Dünya
kavramına en çok anlam katan insanlık ideasının temelinde, insanoğlunun ilk
günü ile birlikte yüzyıllardan beri süregelen iyi ve kötünün savaşımı
kendini çeşitli kulvarlarda ortaya çıkarmaktadır.
Ve her daim
değişimin kaçınılmazlığında yaşanan hayat sürekli ilerlemekte, mevcut imkânlara
yenileri eklenip kişilerin tercihlerine sunulmakta…
Bugün
bulunduğumuz çevrede her alanımıza sirayet etmiş olan bilgisayar vb. teknolojik
ürünler evlerde, bankalarda, avmlerde, karakollarda, devletin stratejik
kurumlarında ve daha birçok alanda vazgeçilmez hale gelmiş, internetin salt bir
çevreyle değil dünya çapında yaygınlık kazanmasıyla mekân kavramı bir anda
ortadan kalkmış ve tüm bu bilgi aktarımı bir tuşa basmaktan ibaret olmuştur.
Lakin
insanlığın hizmetine takdim edilen bu sistem yararının ve zararının
belirlenmesi hususunda kullanıcısının verdiği yöne amennadır.
Bunun
akabinde topluluk halinin nüfuz ettiği her noktada kendine yer bulan politika sanal ortamlarda da işlevselliğini devam ettirmektedir.
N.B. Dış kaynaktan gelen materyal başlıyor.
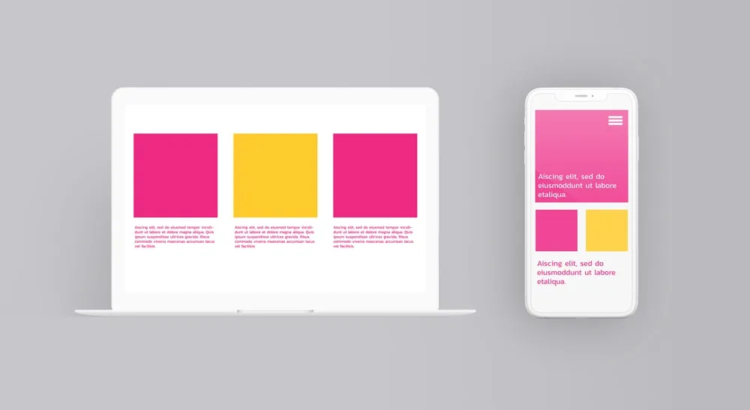 Why You Need To Update Your Content And Website Design?
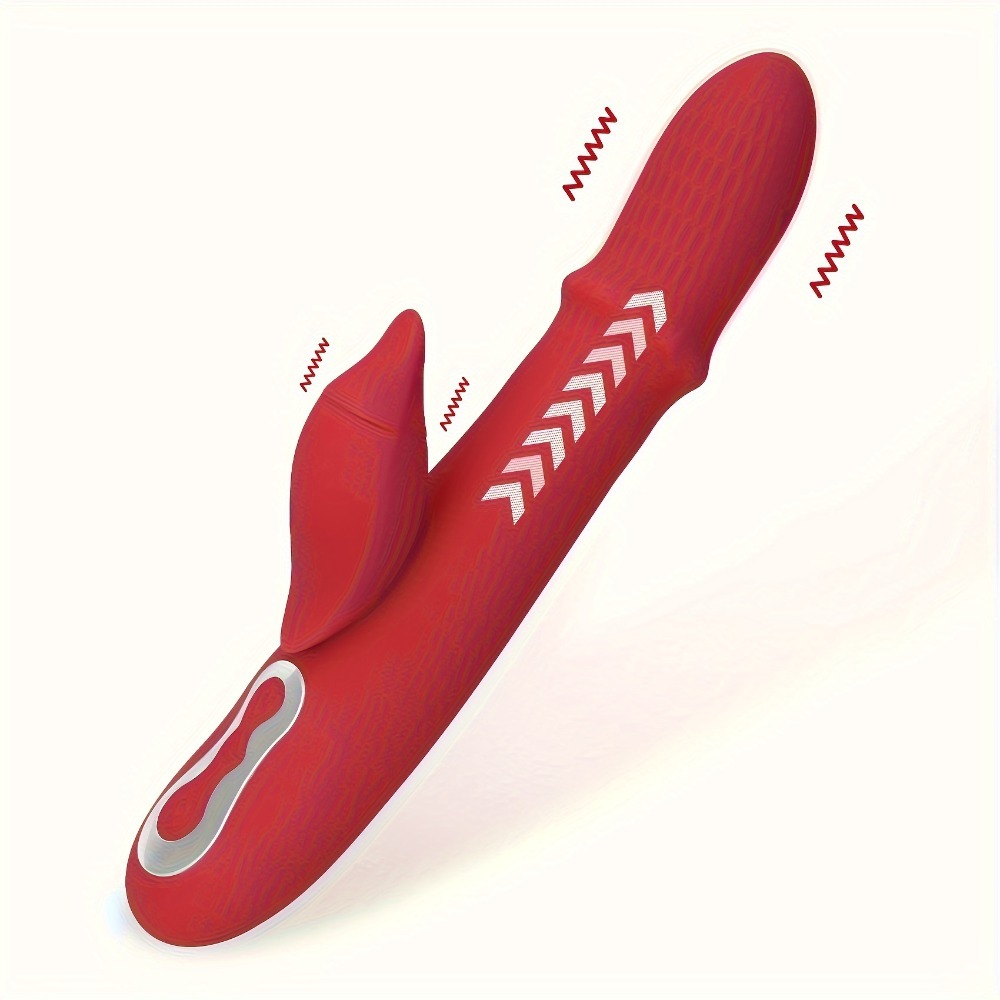 Women's adult products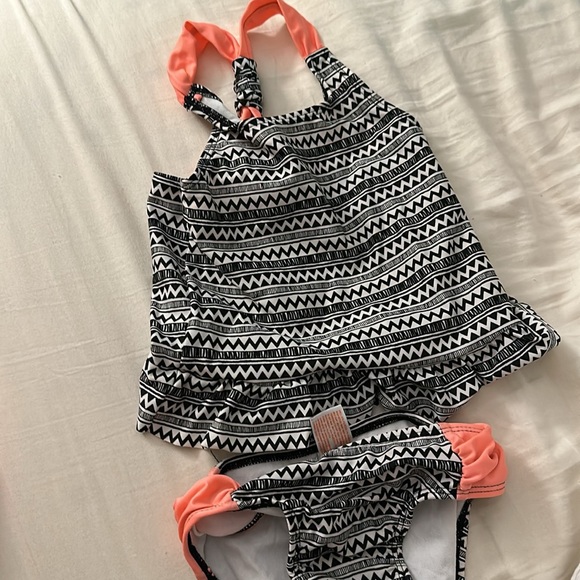 3 cat and jack swimsuits - Picture 3 of 4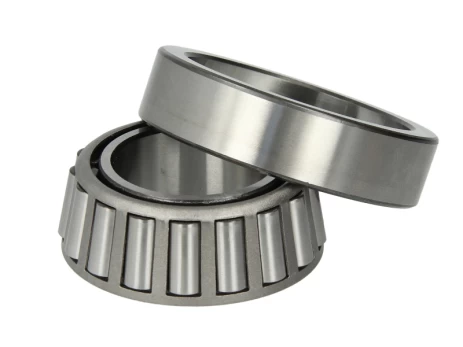guolis, mechaninė transmisija 0735370438ZF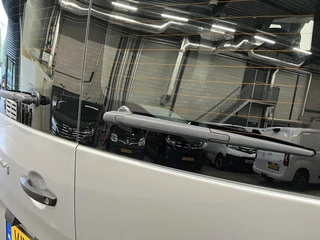 Citroën Jumpy – thumbnail 29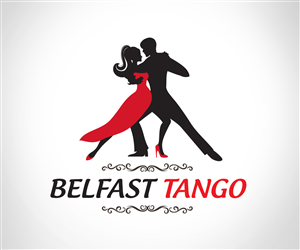 Logo Design by NoirBlanc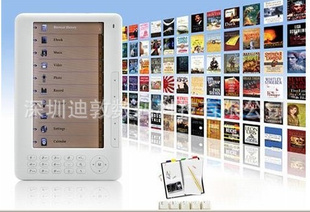 7E-bookĶTTSʶ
Tüm hakkaniyetle teknoloji politikayı sevdi. Ancak bu
gelişmelerden kitleler pozitif anlamda yararlandıkları gibi siber terörizm adı
altında organize suç örgütleri, terör örgütleri de bu sistemi yakından takip
ederek hem kazançlarını arttırıp hem de geleneksel suç türlerinin dışında
marjinal suç türleri ortaya çıkardılar.
Globalleşmenin
ve küresel egemenlerin karanlık yüzü olarak adlandırabileceğimiz bu
gerçek toplumsal huzur ve barışı olduğu kadar ulusal güvenliğimizi de ciddi
şekilde tehdit altına sokabilmektedir. Bunlara verilebilecek en bariz örnekler;
içeriğinde ırkçı, bölücü propagandadan bomba yapımına, kişilerin özel hayatını
rencide eden pornografik görüntüden kumar sitelerine, iktidarlara karşı
toplumu, muhalifliği yıldırmadan baskı altına tutmaya kadar daha nice
maksatlarla kullanılır hale gelmiştir.
Siber
terörizmin yanı sıra bilgi çağının karşı konulamaz ivmesinden politika
olgusu da yararlanmakta. İşlerini ve de amaçlarını medyanın (tv,
internet, gazete, dergi...) yanı sıra gençlerin fazla mesai yaptığı sosyal
paylaşım sitelerinden yürütmektedir. Bıçak sırtı konumundaki bu olayın
zararlarının yanında yararlarını görüyor ve tarihe tanıklık ediyoruz. Buna
verilebilecek en güzel örnek: Afganistan’a dair 90 binden fazla gizli
Amerikan belgesini yayınlayarak uluslararası bir depreme yol açan ve aynı
zamanda farklı kesimlere hitap edip insanları düşünmeye iten Wikileaks sitesinin kurucusu ve yayın yönetmeni Julian Assange’dır.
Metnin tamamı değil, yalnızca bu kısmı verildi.